Maiamar Abrodos se luce en su rol de madre todopoderosa en El corso, una obra de teatro que muestra el off de las murgas argentinas.
¿Qué hay detrás del corso, sinónimo de alegría, de barrio y de familia? En esta ocasión, El corso es, sobre todo, esperanza. La misma que trajo a sus protagonistas desde el terruño provinciano, abrazando el sueño de un futuro mejor. Bajo esta trama, tan repetida en tantas familias argentinas, vemos cómo Buenos Aires impacta de un modo muy distinto en cada uno de ellos. Hay quienes se mimetizan y silencian sus raíces del interior, quienes no se acostumbran, quienes no quisieron venir nunca, y quienes se arrepintieron de venir, al comprobar que lo de “Dios está en todos lados, pero atiende en Buenos Aires”, aunque no piensan dejarse ver en la tierra que los vio nacer volviendo derrotados.

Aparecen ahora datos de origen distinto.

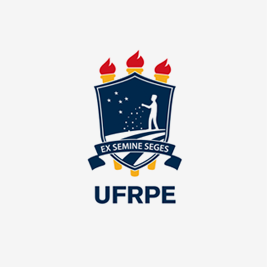 Universidade Federal Rural de Pernambuco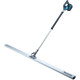 MAKITA 1917D5-2 lišta vibrační na beton VL001GZ 900 mm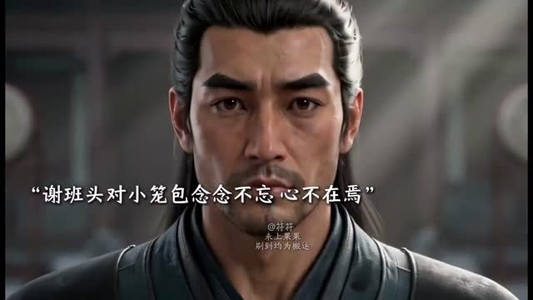 沈娘子炸鸡铺（89集）超爽短剧推荐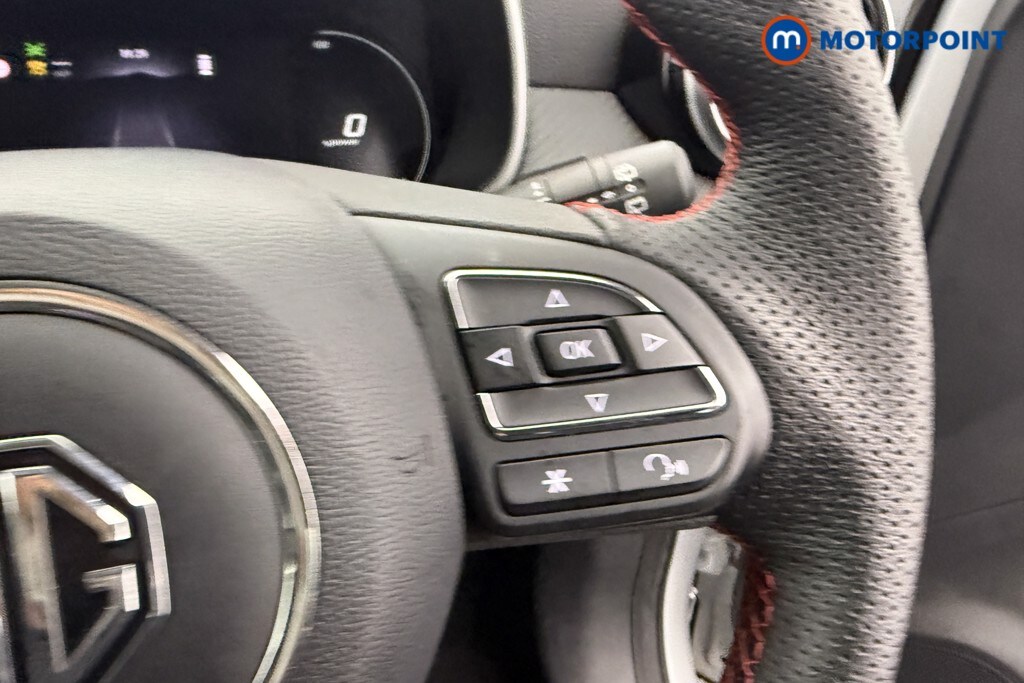 Used MG MG ZS 2024 for sale - 76279093: Photo 20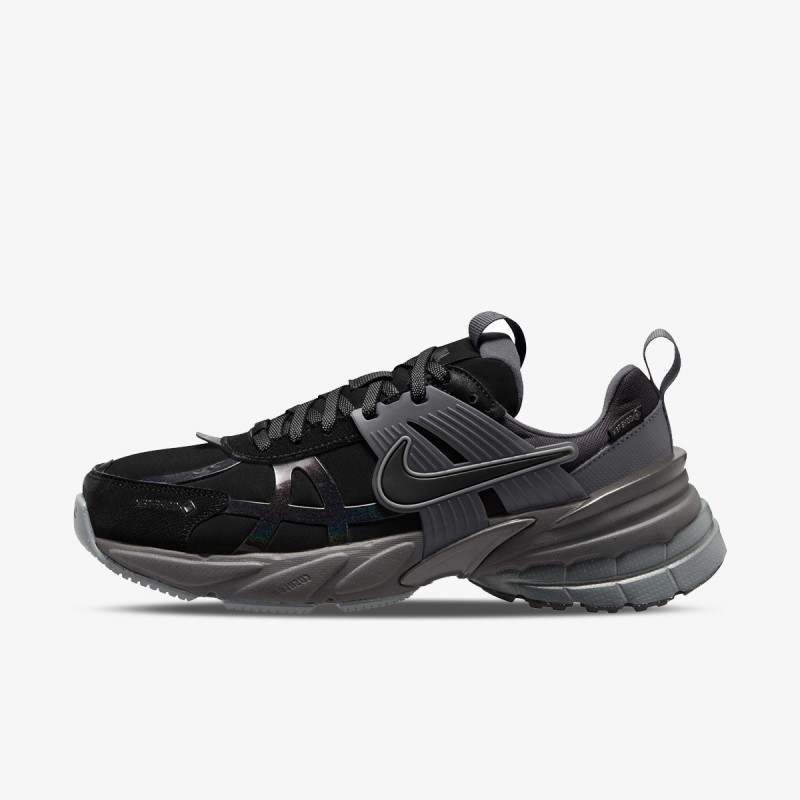 NIKE Pantofi Sport W NIKE V2K RUN GTX 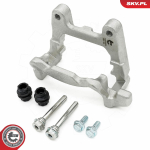 Kinnitus,pidurisadul ESEN SKV 74SKV033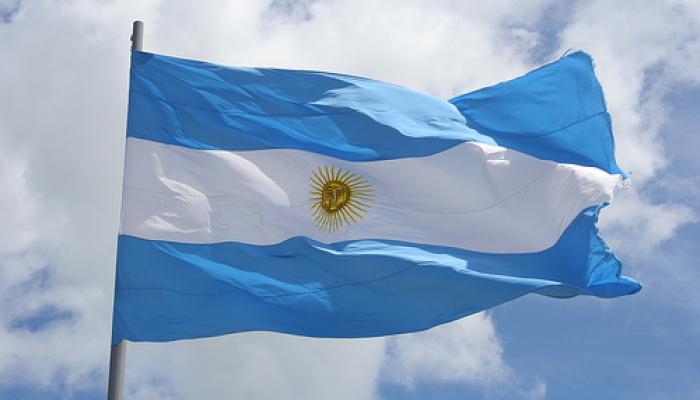 Argentina: Derecha contraataca.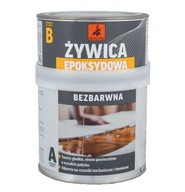 Číra EPOXIDOVÁ ŽIVICA 500G+250G DRAGON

La obra, escrita por Manuel Cruz y dirigida por Jesús Gómez, nos invita a ver a quienes están detrás del Rey Momo, en este caso a través de una familia encabezada por la excelencia actoral de Maiamar Abrodos, dejando a la vista la carencia de sentido que tiene el prejuicio de no incluir a personas trans en todo tipo de papeles. El género se vuelve circunstancia. Maiamar llena el escenario con su talento y su físico imponente, del que se vale para encarnar a esta madre campesina y provinciana, de espaldas anchas para soportar vendavales. Maiamar presta al personaje su mirada intensa y penetrante, que tan bien encarna a esta luchadora, plagada de lágrimas secas y penas disimuladas por la urgencia. La resistencia habita en los ojos de la adversidad, de las personas trans, de las madres solas, y de todo aquel que se sintió solo contra el mundo.

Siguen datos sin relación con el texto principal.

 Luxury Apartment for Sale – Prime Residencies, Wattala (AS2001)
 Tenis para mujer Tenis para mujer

En una habitación de hotel con aires de conventillo conviven un abuelo –cuya lucidez quedó en el pueblo, lugar del que nunca quiso salir–, dos hijas adolescentes –lentas para ciertos mandados, y rápidas para otros– su madre y el nuevo novio de ésta, ducho para meter mano en cuanta mujer se le acerque, pero inservible a la hora de colaborar en la economía del hogar, conviven en una habitación, donde huele a pizza horneada en lata de dulce de batata y suena cumbia. La obra encuentra a esta familia en los preparativos previos al corso, viendo el amontonamiento de gente como una chance para juntar unos pesos y tirar unos días. Una escenografía espectacular nos transporta y nos sienta en una de las sillas, que son desiguales, tanto como cada uno de los personajes que apretadamente viven en ese cuadrado abarrotado de cosas, interpretados brillantemente por Laura Palmucci, Carlos Donigian, Maiamar Abrodos, Roberto Giovanetti, Sabrina Gullino y Sara Valero Zelwer.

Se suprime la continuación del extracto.